Il Fatto Quotidiano affonda il colpo: “Exor, un miliardo solo per tenere in vita la Juventus”
Non un’iniezione di fiducia, ma un’infusione di sopravvivenza. Lo scrive oggi Il Fatto Quotidiano, in un articolo firmato da Alec Cordolcini, che definisce la Juventus “il club dei petrodollari nostrano”. Altro che sceicchi o fondi americani: secondo il FQ, anche la famiglia Elkann/Agnelli ha dovuto aprire il portafoglio come i qatarioti del PSG o i miliardari di Stamford Bridge.
Un miliardo e oltre: quanto costa davvero tenere in vita la Juventus?
Dal 2017 a oggi, la holding Exor ha versato 919 milioni di euro per coprire le perdite del club. Con altri 80 milioni in arrivo entro novembre, la soglia simbolica del miliardo verrà superata, scrive il quotidiano, “in meno di dieci anni”. Il Fatto ricostruisce un quadro che definire severo è poco: una Juventus in bilico, tenuta in vita da continui interventi della proprietà dopo una serie di stagioni zavorrate da errori gestionali e operazioni fallimentari — a cominciare dal “caso Ronaldo” e dall’aumento insostenibile degli stipendi della cosiddetta classe media.

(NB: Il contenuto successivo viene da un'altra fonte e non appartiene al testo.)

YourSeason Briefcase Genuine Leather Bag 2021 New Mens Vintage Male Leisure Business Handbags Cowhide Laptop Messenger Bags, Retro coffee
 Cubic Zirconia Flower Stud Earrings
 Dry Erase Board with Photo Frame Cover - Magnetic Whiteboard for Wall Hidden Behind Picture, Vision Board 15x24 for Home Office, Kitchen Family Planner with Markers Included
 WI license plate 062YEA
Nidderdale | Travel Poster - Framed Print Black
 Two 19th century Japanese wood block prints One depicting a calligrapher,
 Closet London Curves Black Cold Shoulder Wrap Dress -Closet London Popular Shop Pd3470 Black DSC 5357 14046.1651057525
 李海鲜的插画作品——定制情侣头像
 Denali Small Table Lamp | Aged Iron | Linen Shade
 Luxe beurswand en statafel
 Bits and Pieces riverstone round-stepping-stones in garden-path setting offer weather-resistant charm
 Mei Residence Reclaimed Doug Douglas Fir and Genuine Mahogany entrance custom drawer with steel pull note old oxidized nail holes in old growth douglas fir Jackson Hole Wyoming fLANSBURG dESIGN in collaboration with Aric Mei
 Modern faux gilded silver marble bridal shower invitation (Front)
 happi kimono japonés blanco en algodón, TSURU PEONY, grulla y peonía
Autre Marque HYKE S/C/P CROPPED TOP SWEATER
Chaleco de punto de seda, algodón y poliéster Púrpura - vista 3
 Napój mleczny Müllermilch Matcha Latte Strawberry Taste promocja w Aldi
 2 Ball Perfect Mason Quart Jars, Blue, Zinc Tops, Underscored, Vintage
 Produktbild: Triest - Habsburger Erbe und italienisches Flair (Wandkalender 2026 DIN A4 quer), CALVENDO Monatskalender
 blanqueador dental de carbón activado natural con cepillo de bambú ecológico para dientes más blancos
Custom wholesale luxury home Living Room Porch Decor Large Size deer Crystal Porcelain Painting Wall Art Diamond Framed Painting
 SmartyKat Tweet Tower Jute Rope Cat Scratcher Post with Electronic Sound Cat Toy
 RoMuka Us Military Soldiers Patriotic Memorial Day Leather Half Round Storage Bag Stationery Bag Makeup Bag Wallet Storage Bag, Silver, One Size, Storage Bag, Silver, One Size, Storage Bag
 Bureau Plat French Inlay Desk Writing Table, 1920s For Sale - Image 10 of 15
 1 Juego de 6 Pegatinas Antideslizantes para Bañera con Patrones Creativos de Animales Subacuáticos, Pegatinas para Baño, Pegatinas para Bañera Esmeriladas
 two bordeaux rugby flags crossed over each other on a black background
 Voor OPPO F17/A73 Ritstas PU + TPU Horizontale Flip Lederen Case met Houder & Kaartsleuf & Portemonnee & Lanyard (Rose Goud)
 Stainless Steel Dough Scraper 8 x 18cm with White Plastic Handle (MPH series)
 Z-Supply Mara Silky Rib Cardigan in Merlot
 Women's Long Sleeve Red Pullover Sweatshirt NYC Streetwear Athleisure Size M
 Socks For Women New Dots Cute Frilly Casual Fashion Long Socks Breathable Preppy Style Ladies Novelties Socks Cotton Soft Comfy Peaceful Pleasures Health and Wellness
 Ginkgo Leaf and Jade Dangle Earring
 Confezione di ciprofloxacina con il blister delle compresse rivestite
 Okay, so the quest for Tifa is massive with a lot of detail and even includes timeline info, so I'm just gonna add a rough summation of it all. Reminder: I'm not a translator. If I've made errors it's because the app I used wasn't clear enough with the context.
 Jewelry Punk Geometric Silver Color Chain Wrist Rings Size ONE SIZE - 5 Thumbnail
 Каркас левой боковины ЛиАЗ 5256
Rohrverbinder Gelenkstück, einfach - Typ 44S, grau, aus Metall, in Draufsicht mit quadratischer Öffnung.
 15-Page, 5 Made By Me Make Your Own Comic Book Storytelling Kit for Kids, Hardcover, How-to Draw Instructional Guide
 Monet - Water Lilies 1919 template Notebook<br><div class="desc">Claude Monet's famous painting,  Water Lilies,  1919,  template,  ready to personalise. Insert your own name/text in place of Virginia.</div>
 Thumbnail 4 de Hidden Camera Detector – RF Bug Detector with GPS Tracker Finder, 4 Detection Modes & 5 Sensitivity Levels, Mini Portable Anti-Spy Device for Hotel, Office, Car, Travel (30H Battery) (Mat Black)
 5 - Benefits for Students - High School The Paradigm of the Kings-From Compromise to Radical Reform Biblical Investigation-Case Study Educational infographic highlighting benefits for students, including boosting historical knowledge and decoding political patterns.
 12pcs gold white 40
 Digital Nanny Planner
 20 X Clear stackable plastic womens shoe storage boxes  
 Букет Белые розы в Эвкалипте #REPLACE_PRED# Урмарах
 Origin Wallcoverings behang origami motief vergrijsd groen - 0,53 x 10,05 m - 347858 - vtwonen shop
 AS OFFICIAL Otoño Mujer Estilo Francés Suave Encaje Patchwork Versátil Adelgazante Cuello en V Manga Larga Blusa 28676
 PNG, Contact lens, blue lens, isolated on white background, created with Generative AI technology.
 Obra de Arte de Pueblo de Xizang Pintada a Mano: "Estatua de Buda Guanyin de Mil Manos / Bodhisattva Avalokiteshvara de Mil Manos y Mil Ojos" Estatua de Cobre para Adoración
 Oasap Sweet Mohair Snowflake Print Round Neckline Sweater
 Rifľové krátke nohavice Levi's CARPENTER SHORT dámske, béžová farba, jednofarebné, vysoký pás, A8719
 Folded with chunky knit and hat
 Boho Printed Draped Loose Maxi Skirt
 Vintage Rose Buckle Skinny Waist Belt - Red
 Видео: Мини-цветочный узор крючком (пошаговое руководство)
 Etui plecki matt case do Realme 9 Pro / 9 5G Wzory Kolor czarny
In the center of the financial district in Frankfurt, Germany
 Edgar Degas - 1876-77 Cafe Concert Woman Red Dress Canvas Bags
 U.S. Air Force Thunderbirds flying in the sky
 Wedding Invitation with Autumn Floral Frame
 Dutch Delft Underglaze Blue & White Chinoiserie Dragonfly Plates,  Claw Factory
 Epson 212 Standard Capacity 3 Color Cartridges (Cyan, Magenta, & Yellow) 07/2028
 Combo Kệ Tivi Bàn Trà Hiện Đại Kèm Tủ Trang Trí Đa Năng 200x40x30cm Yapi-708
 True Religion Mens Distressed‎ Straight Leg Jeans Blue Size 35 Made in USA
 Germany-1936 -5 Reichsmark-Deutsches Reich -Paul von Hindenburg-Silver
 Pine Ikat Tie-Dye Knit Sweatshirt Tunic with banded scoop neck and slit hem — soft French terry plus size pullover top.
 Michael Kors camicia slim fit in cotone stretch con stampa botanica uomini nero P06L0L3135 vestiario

“Dalla stagione 2017/18 a oggi – si legge sul quotidiano diretto da Marco Travaglio – la Juventus ha perso quasi un miliardo di euro, con bilanci che hanno registrato rosso su rosso: -227, -239, -124, -199 e infine -58 milioni nell’ultimo esercizio”. Una spirale, secondo il FQ, aggravata da scelte di mercato poco lucide come l’acquisto di Koopmeiners per oltre 50 milioni o la gestione delle cessioni estive, che hanno costretto Exor a nuovi versamenti d’urgenza.
Top club o top club-wannabe?
Nel solo 2024/25, sempre secondo il quotidiano, la cassaforte della famiglia Agnelli è intervenuta due volte: prima a marzo, per coprire i costi dell’esonero di Thiago Motta dopo l’eliminazione dalla Champions; poi a giugno, per compensare le mancate cessioni di Weah e Mbangula (sono poi partiti a luglio).
Nel frattempo, i debiti bancari del club sono saliti da 51 a 84 milioni, e si prepara una nuova emissione obbligazionaria da 150 milioni. Un quadro che porta il FQ a una conclusione impietosa: “La Juventus non è più un modello di gestione, ma un top club-wannabe, che investe più dei veri giganti come Manchester City, Real Madrid o Bayern, senza ottenere risultati sportivi paragonabili.” E qui arriva la nostra riflessione che non può mancare: il denaro, da solo, non basta a costruire un’idea.
Tra numeri e gioco: le nostre riflessioni sul futuro della Juventus
Puoi riempire il serbatoio, ma se non sai più dove andare, resti fermo al semaforo, con il motore acceso e lo sguardo perso nel vuoto. C’era un tempo in cui la Juventus era un codice morale, un modo d’essere, passione, anche per chi la gestiva. Oggi sembra un conglomerato finanziario che gioca a calcio per abitudine, come un vecchio signore elegante che si ostina a mettere la cravatta anche quando non serve più. E allora sì, il miliardo c’è, i conti (forse) torneranno, ma la domanda resta sospesa nell’aria: chi rimetterà in ordine l’anima?
A parere di chi scrive, la Juventus non è un titolo in Borsa, né una somma di numeri in bilancio. È un pezzo d’Italia, un’abitudine, un riflesso condizionato di chi si riconosce in una maglia che, al netto di tutto, continua a pesare come una responsabilità. E non è "morta", seguendo il ragionamento del FQ e di altri osservatori, quando ha perso la Champions, ma quando ha smesso di riconoscersi nella propria idea di sobrietà, rigore, continuità, senso di appartenenza e voglia di vincere. E i bilanci, anche i più perfetti, non bastano a far tornare il profumo di quella domenica che sapeva di fatica e orgoglio. Il miliardo serve a salvare i conti, ma servirà ben altro per salvare la Juve.